I should like to speak to amendments 1 and 2, tabled in my name, and in passing to amendments 8 and 9, tabled by Labour Members. I shall not press amendments 1 and 2 to a vote, but should Labour Members move on amendment 8 and the consequential amendment 9, we will support them.
There is much in the Bill to commend it to us and to the House, and much that will add to the regulatory regime and its performance in the UK. However, the worst part of this legislation—the time bomb ticking away inside it—is the Government’s attempt to shift legislation that they put in place only four years ago on the reverse burden of proof for major financial infractions. That is the nub of the matter. Legislation was introduced four years ago that identified senior managers in major banks and other financial organisations and stated that if a serious infraction of regulations was encountered on their watch, they would automatically be held responsible unless they could prove that they had taken due steps to prevent it from happening.

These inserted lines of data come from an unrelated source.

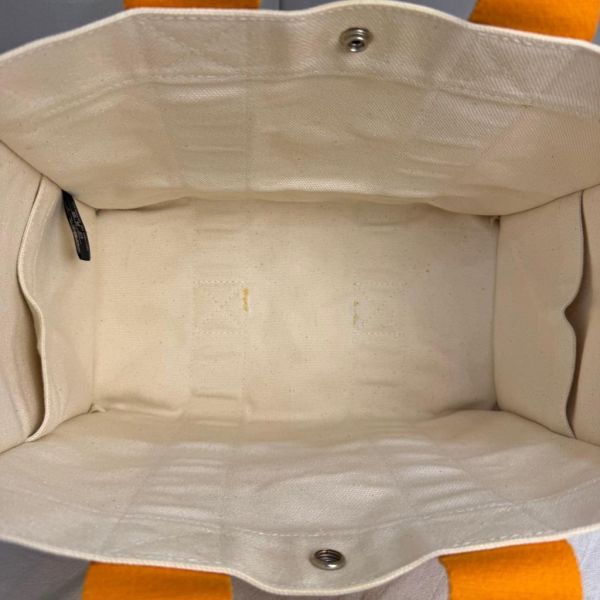 Hermès Herbag Cabas 橘色提把帆布托特包 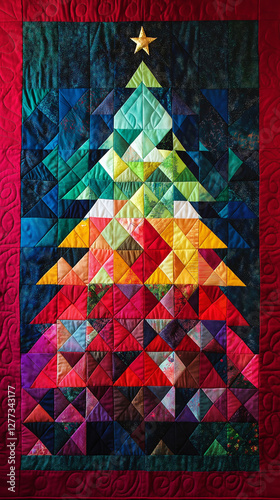 Obraz na płótnie Quilted Christmas tree in rainbow colors vertical w salonie
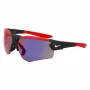 NIKE Gafas de sol deportivas rectangulares para hombre NKEV24037-12 - montura negra, lentes grises, ancho de lente 71 mm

That legislation had a great deal of support in the House and among the public, because it was the one sure way of ensuring that those at senior level in the financial sector would not continue to do what they had done all through the 2007-08 crisis: blame everyone else and say that it was not their fault. The legislation made senior managers responsible, just as senior managers in other organisations and utilities have become responsible for major crises.
Why would the Government want to change that law before it even came into operation this month? That sends out the wrong signal. When we put legislation in place that has consensus behind it, we should try it and see whether it works. However, the Chancellor, whose constant refrain is that he has a long-term economic plan, has decided to change the legislation before it has even come into operation. That change sends out all the wrong signals. The Minister will probably say that the measure is disproportionate now that the Government
have widened the number of people being caught up in the senior management regime to tens of thousands, and that applying the law could become problematic. I know all the explanations, but I put it to her that by reneging on legislation that was put in place with great fanfare four years ago before it is even operational, the Government are simply signalling to the rest of the world that they are loosening the regulatory bonds. They might think that they are not doing that, but they are sending out the wrong signal.
The Government have been sending out another signal as well. For years, the Chancellor and other Treasury Ministers have been telling us that we should pay lower taxes, that taxes are bad, and that we should keep more of our own money. Suddenly, however, when we discover that hundreds of thousands of people are setting up secret offshore bank accounts, the Government get all holy and moral, saying, “We didn’t mean you to do that!” This Government sometimes speak with two voices. Individual Ministers are honest and sincere, but they do not understand that they sometimes speak with one voice on taxes and regulation and then do the opposite. It sends out the wrong signal. The Government cannot go on blaming other people. They are to blame if they change the rule without having put it into force for at least a few years to see whether it works. That is why we must leave the provisions in the Financial Services Act 2012 until it has been proven that they do not work.